А тут рядом пахал (вот что было, то было, все пахали, как карлы) паренек с соседнего курса баскетбольного роста. Худой, как велосипед. Феликс. Кстати, всегда со значком Феликса Эдмундовича Дзержинского на лацкане пиджака. Поскольку был начальником общежитской БКД. Кто-нибудь помнит такую аббревиатуру? Это не добровольная народная дружина, где по вечерам по разнарядке, матерясь, ходят по улицам бабки с красными повязками.

Это боевая комсомольская дружина. Без особых примет гуляют по окрестностям крепенькие ребята в спортивном прикиде. Вот пьяный амбал пристает к стайке девушек.

– Ну-ка отойдем, паренек!

Отошли за угол – дыц! дыц! – два-три крепких удара.
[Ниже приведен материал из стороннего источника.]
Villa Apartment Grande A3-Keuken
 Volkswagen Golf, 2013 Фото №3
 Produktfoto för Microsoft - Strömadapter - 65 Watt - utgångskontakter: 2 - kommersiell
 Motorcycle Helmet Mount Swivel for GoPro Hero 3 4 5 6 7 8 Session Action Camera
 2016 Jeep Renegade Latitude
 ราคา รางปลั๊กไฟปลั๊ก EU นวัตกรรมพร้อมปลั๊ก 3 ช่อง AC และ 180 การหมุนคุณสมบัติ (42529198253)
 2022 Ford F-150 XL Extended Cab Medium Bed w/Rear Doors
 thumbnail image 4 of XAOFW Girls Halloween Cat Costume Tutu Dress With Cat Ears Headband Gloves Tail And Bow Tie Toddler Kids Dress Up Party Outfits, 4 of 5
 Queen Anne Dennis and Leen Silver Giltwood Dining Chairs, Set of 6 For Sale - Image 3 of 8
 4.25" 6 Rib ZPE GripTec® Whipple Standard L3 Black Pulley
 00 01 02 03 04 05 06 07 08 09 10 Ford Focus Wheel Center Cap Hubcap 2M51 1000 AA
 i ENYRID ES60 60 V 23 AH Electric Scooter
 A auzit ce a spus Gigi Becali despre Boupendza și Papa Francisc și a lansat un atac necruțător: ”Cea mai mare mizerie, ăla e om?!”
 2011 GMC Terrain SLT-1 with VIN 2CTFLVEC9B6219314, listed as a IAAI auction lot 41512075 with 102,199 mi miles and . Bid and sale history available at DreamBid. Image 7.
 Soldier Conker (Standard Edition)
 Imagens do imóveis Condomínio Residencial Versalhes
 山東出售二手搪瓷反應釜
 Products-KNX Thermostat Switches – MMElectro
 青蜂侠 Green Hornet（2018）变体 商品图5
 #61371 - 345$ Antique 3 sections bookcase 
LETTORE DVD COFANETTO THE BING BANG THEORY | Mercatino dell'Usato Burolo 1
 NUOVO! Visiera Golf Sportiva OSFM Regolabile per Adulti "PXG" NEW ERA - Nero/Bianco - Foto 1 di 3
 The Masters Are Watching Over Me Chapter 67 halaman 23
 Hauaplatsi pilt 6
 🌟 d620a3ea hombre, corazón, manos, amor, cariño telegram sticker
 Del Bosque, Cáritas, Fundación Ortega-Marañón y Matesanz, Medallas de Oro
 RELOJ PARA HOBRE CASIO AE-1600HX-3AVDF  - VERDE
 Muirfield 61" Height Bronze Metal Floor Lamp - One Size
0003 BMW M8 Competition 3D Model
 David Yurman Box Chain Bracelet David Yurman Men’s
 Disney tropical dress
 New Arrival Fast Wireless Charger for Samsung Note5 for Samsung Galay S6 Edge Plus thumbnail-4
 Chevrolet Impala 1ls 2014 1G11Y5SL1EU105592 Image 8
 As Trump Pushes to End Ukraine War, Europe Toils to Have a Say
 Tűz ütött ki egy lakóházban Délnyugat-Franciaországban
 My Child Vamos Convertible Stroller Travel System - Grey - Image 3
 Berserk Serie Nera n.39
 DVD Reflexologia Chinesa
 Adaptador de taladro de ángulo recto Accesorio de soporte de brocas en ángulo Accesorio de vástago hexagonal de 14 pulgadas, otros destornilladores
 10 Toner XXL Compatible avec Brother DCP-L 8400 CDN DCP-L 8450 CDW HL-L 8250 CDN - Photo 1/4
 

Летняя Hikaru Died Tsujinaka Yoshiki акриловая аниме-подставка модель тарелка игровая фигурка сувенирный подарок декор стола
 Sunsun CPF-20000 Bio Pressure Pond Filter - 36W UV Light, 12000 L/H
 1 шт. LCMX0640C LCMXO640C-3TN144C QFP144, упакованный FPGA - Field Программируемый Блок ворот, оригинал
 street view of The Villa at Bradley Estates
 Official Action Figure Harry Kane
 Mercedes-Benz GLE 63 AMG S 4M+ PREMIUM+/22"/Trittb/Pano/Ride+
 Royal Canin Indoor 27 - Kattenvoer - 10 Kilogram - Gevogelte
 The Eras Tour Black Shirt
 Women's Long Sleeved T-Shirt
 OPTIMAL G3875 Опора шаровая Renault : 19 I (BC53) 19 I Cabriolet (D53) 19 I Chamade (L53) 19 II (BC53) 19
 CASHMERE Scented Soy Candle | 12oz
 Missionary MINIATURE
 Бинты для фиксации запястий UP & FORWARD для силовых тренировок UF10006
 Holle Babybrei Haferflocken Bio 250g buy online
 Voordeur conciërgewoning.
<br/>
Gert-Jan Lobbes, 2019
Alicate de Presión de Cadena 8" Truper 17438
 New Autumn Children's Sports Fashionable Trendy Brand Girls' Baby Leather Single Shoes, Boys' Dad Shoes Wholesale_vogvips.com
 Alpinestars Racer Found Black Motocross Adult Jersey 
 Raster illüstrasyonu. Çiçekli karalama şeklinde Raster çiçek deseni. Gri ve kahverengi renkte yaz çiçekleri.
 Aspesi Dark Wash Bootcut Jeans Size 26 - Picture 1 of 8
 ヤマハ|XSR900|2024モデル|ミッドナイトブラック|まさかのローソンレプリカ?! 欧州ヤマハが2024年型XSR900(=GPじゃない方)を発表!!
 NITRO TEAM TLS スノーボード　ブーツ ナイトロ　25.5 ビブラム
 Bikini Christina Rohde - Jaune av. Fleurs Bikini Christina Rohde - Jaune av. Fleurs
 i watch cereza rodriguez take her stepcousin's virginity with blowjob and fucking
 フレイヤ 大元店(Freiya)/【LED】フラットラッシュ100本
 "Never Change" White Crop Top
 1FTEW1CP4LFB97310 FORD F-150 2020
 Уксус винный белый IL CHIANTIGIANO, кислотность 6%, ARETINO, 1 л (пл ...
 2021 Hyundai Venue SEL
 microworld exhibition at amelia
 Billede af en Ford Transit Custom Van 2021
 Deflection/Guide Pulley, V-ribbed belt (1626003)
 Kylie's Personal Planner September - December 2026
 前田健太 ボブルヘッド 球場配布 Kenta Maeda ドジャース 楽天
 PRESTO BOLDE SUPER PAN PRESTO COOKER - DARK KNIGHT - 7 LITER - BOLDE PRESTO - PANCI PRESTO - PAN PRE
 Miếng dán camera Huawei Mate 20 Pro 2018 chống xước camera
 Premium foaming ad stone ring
Качественно, по-боксерски.

– Еще раз увидим – будет хуже!

Вот так, простенько, но эффективно.

А вот таскает штангу мастер спорта по греко-римской борьбе, сейчас она называется классической, Зиновий, ростом метр шестьдесят, весь круглый от накачанных мышц.

Три года эта «качалка», как бы сегодня сказали, была мне родным домом.

Заканчивается тренировка, распаренные после душа «атлетические гимнасты» одеваются не спеша, хохот, анекдоты и ощущение не зря проведенного времени.